Quando o 7 de setembro ocorre e a notícia chega, lá em Parnaíba, vindo do Ceará, o Coronel Simplício Dias reúne o grupo e conclama a independência em 19 de outubro. Fidié, sabendo disso, prepara uma força e parte para Parnaíba. Quando chega lá – e eu tive acesso a uma documentação com relatos dele agora, para minha pesquisa – ele diz: “Só não tive quem enforcar porque todo mundo fugiu”. O grupo tinha ido refugiar-se no Ceará. E, curiosamente, no dia 24 de janeiro, quando ocorre a conclamação aqui em Oeiras, a junta do Ceará promete ajudar o Piauí. É formado um exército às pressas e parte desse comando é dado a Leonardo Castelo Branco e ao comandante chamado Chaves. Leonardo era uma figura à parte, não sabia como comandar um exército. Tem a ideia de ir ao Maranhão, com um exército fraco e sabendo que a junta de lá era fiel à corte. Não deu outra: assim que atravessa o rio Parnaíba, é preso. 

Já o comandante Chaves era razoavelmente incrementado, era militar preparado, entra no Piauí com uma força razoável. Concomitantemente, quando chega em Campo Maior, batedores tinham indicado que Fidié estava descendo de Parnaíba em direção a Oeiras, para driblar o movimento perpetrado por Manoel de Sousa Martins. E ele, desesperado, tenta despachar batedores para encontrar o outro comandante parceiro dele, que estava fazendo recruta em União. Tentou avisar a junta em Oeiras. Sem sucesso. Com poucos homens, ele lança uma grande conclamação popular, que fez com que as pessoas pegassem paus, fuzis, mosquetão, facas, foices para tentar barrar o Fidié em Campo Maior. 

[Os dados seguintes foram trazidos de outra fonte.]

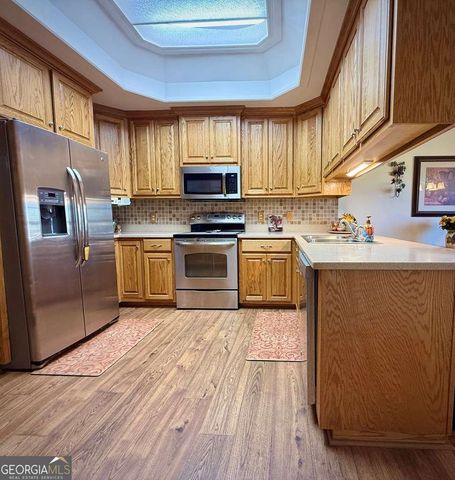 393 Douglas Highway, Hazlehurst, GA 31539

Os primeiros batedores dele encontraram o exército de Fidié muito bem organizado. Era uma tropa de primeira linha, o corpo principal do exército português. O exército insurgente brasileiro era eminentemente formado por milicianos, sem experiência e partiram para o enfrentamento, em 13 de março.

No 74º Encontro da SBPC em conferência sobre a Batalha do Jenipapo (Arquivo pessoal)

 

E é esse trecho da história do Piauí que conhecemos como Batalha do Jenipapo.

J.S: Exatamente. A Batalha do Jenipapo foi extremamente trágica. Hoje a gente tem contato com relatórios enviados por Fidié ao Ministro dos Negócios e da Guerra em Portugal, que falam sobre a tragédia da batalha. E não é figura de retórica, não. A batalha realmente foi uma evocação popular. Começou às nove horas da manhã e terminou às duas da tarde. Um verdadeiro massacre. O exército independentista estava completamente despreparado. Fidié contava com 11 canhões e usou tudo o que podia usar. Já fiz um estudo comparativo e ela foi tão trágica quanto a Batalha de Carabobo, travada por Simon Bolívar pela independência do vice-reino de Nova Granada.

Tem alguma hierarquia de importância nessas datas e acontecimentos? Por que celebramos no 19 de outubro?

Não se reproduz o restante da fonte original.